▸ RECORD SET:
◇ ◇ ◇ ◇

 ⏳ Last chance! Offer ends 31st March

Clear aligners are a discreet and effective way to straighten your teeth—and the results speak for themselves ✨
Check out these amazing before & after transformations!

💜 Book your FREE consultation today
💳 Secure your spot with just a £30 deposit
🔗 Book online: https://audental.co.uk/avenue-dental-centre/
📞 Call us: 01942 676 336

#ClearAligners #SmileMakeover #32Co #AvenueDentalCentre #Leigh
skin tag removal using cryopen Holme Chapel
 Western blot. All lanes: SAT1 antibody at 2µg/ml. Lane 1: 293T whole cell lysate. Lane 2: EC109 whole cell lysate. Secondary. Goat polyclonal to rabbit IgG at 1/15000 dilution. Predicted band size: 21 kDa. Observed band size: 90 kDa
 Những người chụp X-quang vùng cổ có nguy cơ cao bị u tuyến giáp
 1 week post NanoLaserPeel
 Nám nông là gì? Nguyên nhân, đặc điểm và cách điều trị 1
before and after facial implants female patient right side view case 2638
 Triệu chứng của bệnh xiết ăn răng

◇ ◇ ◇ ◇

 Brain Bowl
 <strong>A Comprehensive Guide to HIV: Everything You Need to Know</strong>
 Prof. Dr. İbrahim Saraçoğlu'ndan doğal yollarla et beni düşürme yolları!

◇ ◇ ◇ ◇

▸ WHAT IS EXPECTED:
Retype only the lines above between the line with "a £30 deposit" and the line with "skin tag removal using cryopen Holme Chapel", counting those two lines as well, and keep every character as it is.

▸ REPLY TO THE EXERCISE:
💳 Secure your spot with just a £30 deposit
🔗 Book online: https://audental.co.uk/avenue-dental-centre/
📞 Call us: 01942 676 336

#ClearAligners #SmileMakeover #32Co #AvenueDentalCentre #Leigh
skin tag removal using cryopen Holme Chapel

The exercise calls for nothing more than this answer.